►
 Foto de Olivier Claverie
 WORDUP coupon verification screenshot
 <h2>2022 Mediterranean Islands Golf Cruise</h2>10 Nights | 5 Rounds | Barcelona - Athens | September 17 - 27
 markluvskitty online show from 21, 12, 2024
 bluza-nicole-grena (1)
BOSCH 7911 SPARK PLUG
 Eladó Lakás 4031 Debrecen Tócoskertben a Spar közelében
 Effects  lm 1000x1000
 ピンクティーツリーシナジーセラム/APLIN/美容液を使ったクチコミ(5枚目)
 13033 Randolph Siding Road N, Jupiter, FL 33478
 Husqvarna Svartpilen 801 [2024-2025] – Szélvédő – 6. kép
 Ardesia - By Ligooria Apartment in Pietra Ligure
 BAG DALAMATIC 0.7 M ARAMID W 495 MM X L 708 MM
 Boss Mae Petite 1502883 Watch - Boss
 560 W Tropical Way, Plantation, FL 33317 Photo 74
◄
►
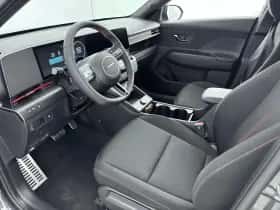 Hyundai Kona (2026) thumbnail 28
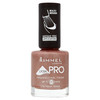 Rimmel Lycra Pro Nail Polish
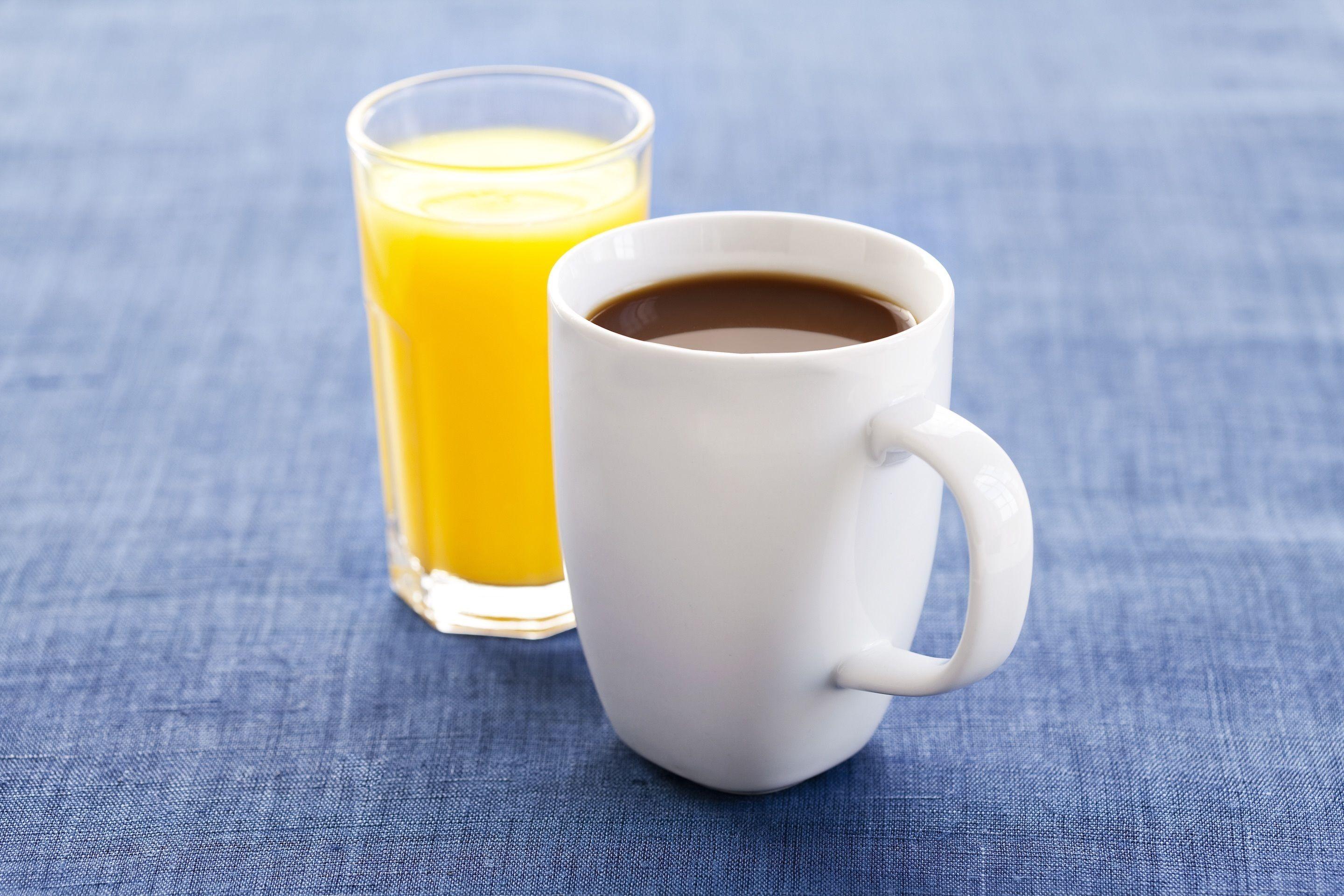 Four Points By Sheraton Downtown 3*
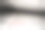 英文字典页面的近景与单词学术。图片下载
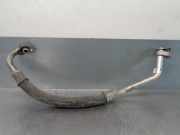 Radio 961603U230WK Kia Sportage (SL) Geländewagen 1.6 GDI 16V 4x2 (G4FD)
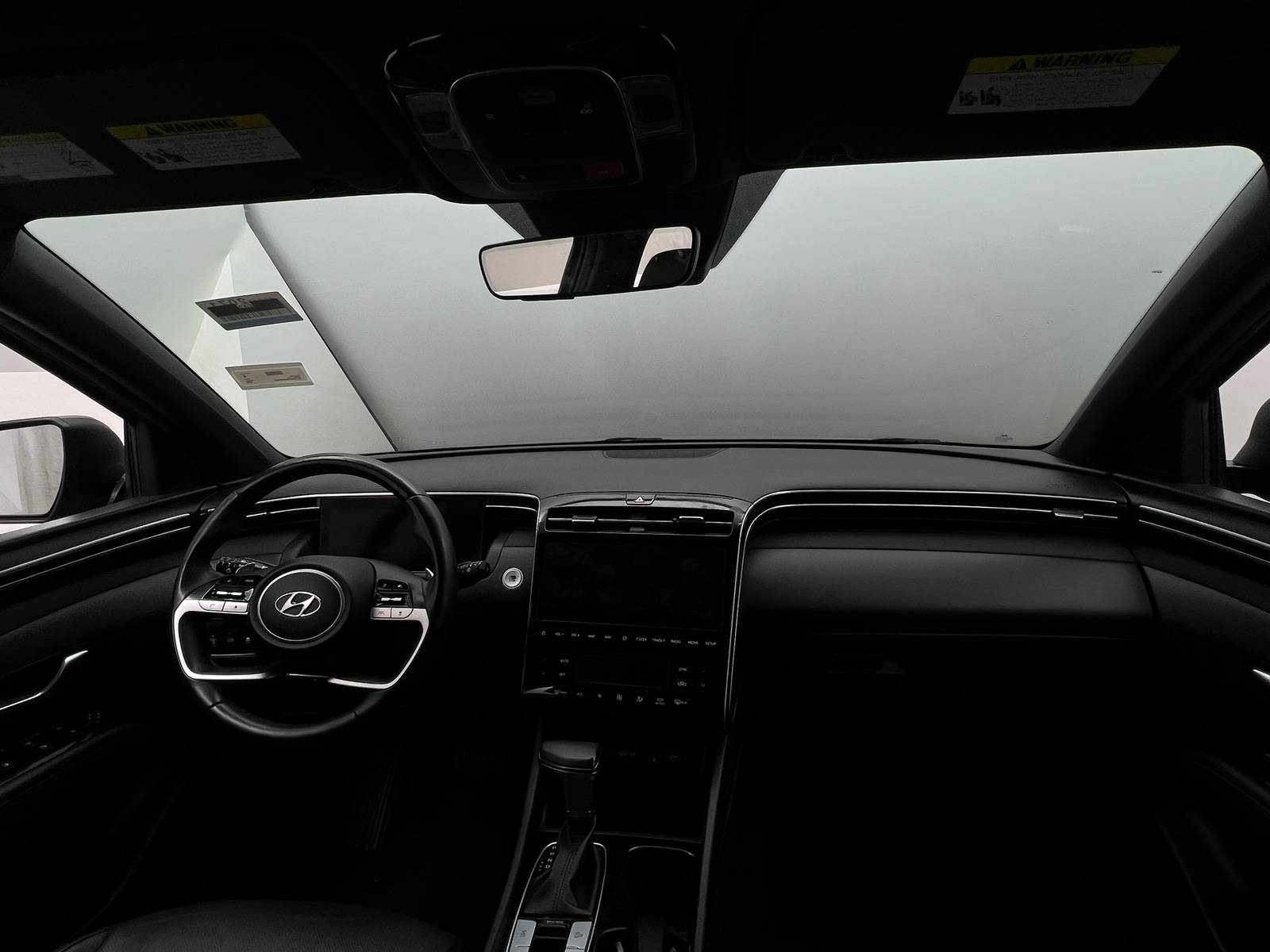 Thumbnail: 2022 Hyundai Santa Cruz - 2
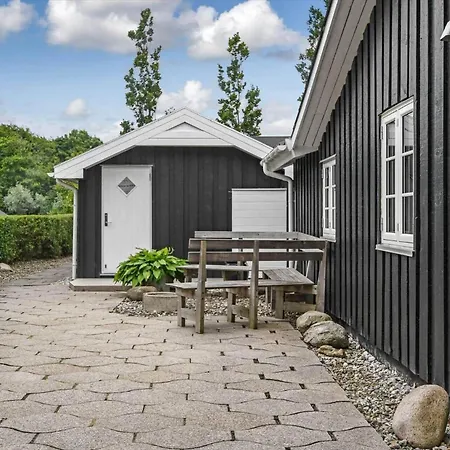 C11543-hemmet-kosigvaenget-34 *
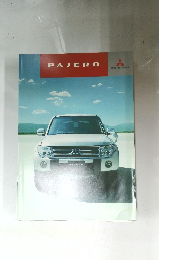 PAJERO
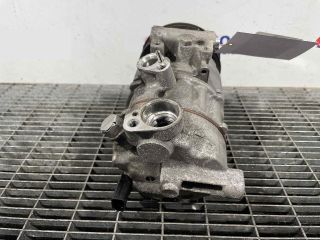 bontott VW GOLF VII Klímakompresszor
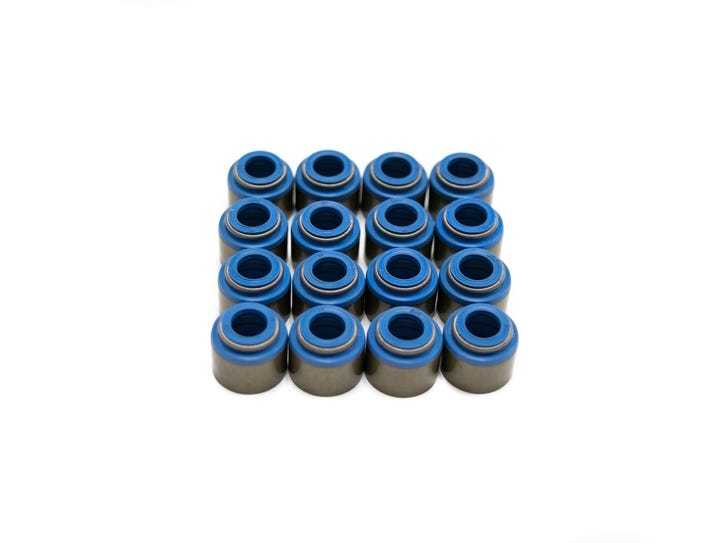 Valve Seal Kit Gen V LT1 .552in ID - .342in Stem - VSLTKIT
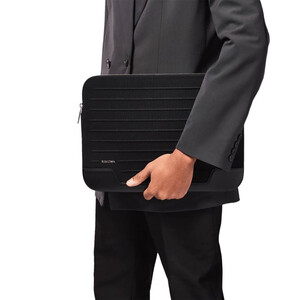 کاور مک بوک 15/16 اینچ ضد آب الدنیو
◄
» **WHAT THIS TASK INVOLVES**:
Would you retype the lines above from the one with "Foto de Olivier Claverie" down to the one with "560 W Tropical", word for word, both ends included and no other lines?

» **ANSWER TO THIS PROBLEM**:
 Foto de Olivier Claverie
 WORDUP coupon verification screenshot
 <h2>2022 Mediterranean Islands Golf Cruise</h2>10 Nights | 5 Rounds | Barcelona - Athens | September 17 - 27
 markluvskitty online show from 21, 12, 2024
 bluza-nicole-grena (1)
BOSCH 7911 SPARK PLUG
 Eladó Lakás 4031 Debrecen Tócoskertben a Spar közelében
 Effects  lm 1000x1000
 ピンクティーツリーシナジーセラム/APLIN/美容液を使ったクチコミ(5枚目)
 13033 Randolph Siding Road N, Jupiter, FL 33478
 Husqvarna Svartpilen 801 [2024-2025] – Szélvédő – 6. kép
 Ardesia - By Ligooria Apartment in Pietra Ligure
 BAG DALAMATIC 0.7 M ARAMID W 495 MM X L 708 MM
 Boss Mae Petite 1502883 Watch - Boss
 560 W Tropical Way, Plantation, FL 33317 Photo 74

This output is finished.